> **Exercise materials**
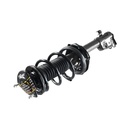 Strut Armado con Resorte Delantero GSP 30302230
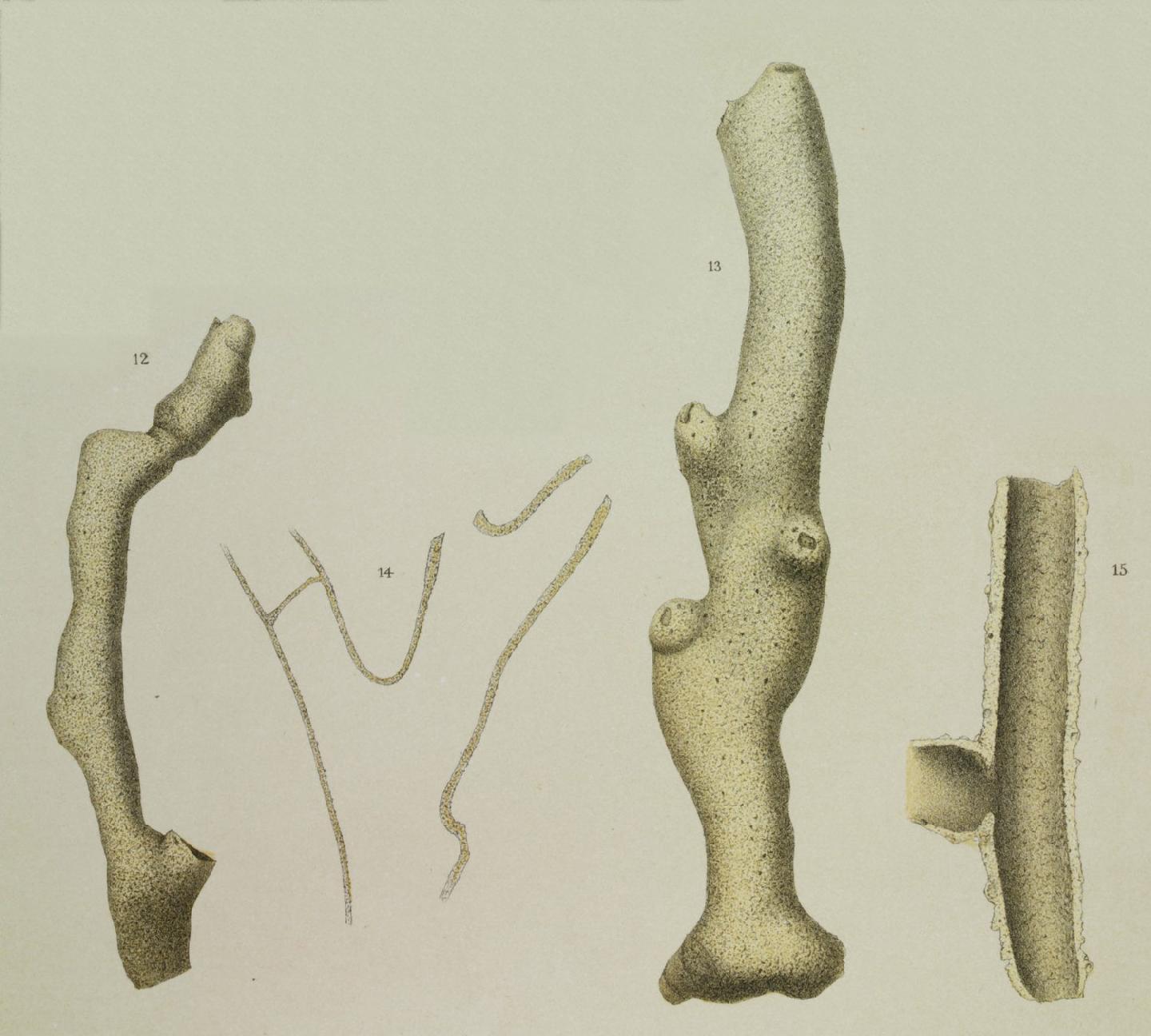 To NHMUK collection (Aschemonella ramuliformis Brady, 1884; Syntype; NHMUK:ecatalogue:3091927)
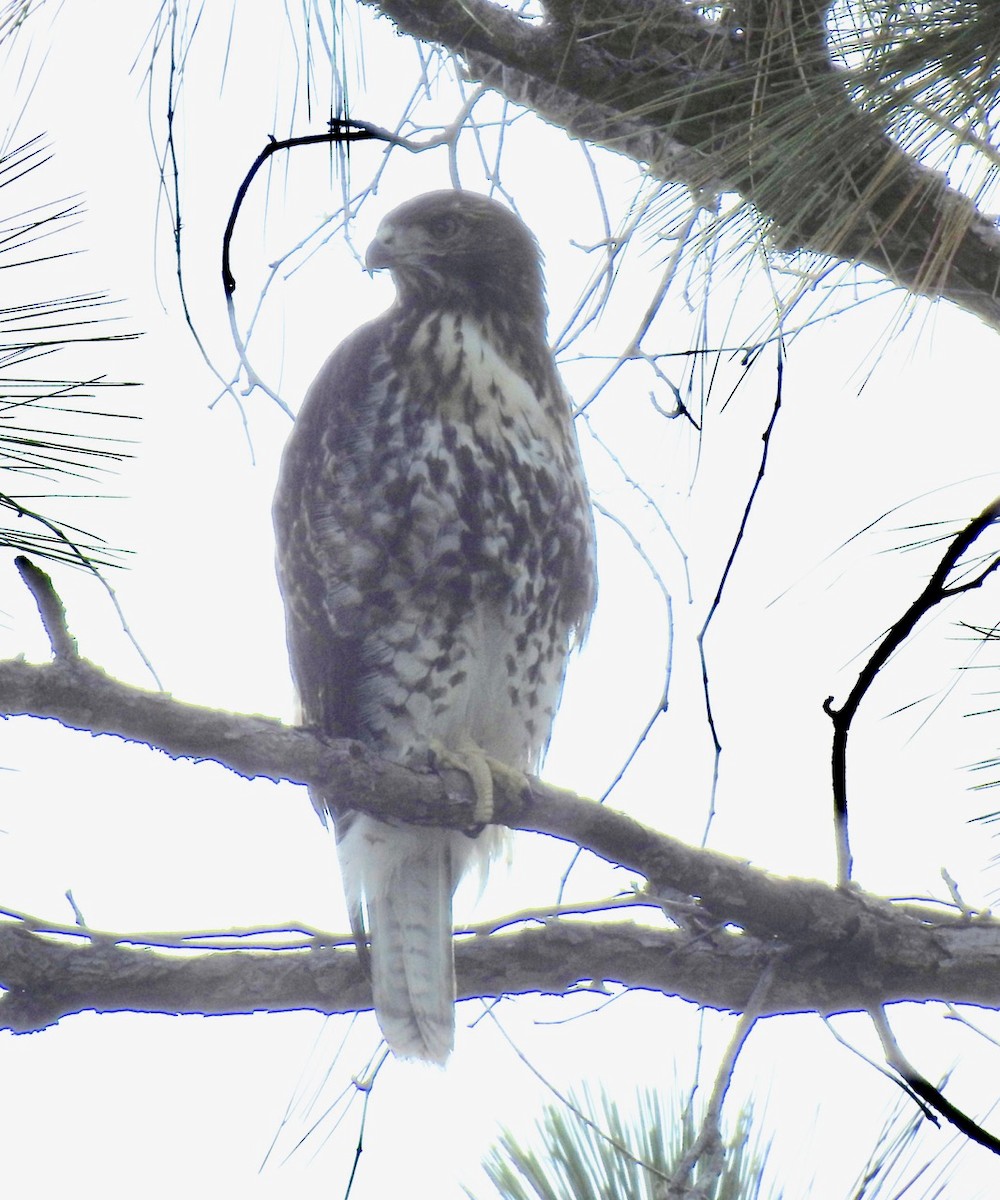 Red-tailed Hawk - ML346492831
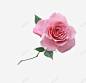 粉色玫瑰花 免费下载 页面网页 平面电商 创意素材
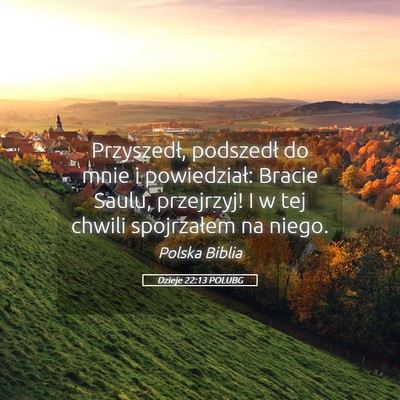 Picture 05 - Dzieje 22:13 POLUBG - Przyszedł, podszedł do mnie i powiedział: - Bible Verse Picture
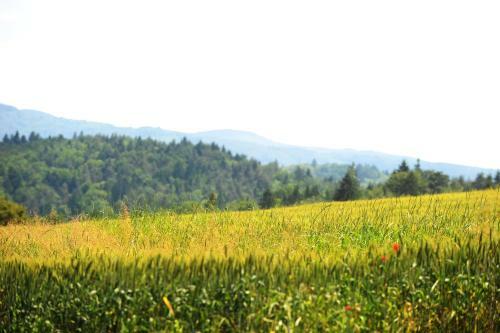 Agroturismo Turisti?na Kmetija ?eruga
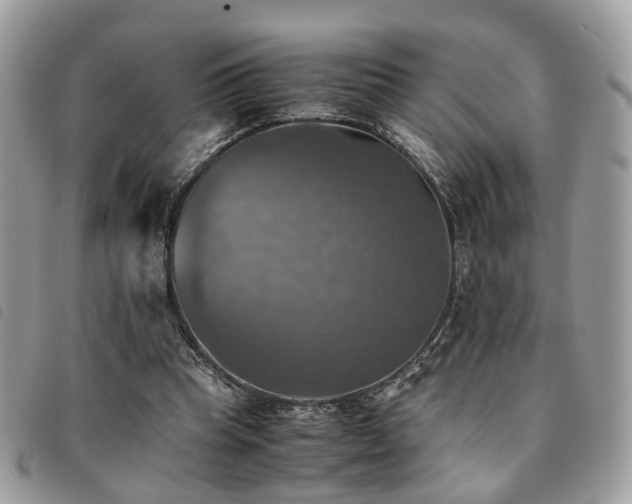 X0000091540345200708171249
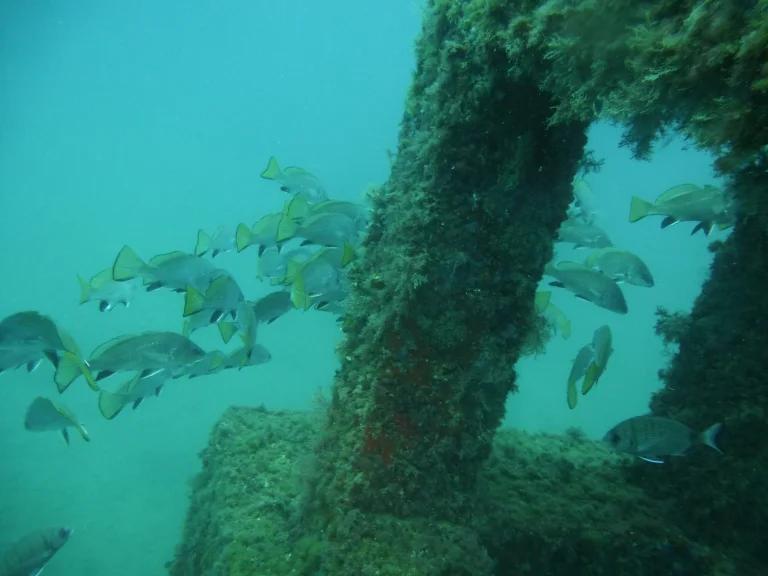 pack-12-fun-dives-at-scuba-elx-elche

> **What is being asked**
This exercise calls for a verbatim output of the entries, pictures omitted.

> **Task solution**
 Strut Armado con Resorte Delantero GSP 30302230
 To NHMUK collection (Aschemonella ramuliformis Brady, 1884; Syntype; NHMUK:ecatalogue:3091927)
 Red-tailed Hawk - ML346492831
 粉色玫瑰花 免费下载 页面网页 平面电商 创意素材
 Picture 05 - Dzieje 22:13 POLUBG - Przyszedł, podszedł do mnie i powiedział: - Bible Verse Picture
 Agroturismo Turisti?na Kmetija ?eruga
 X0000091540345200708171249
 pack-12-fun-dives-at-scuba-elx-elche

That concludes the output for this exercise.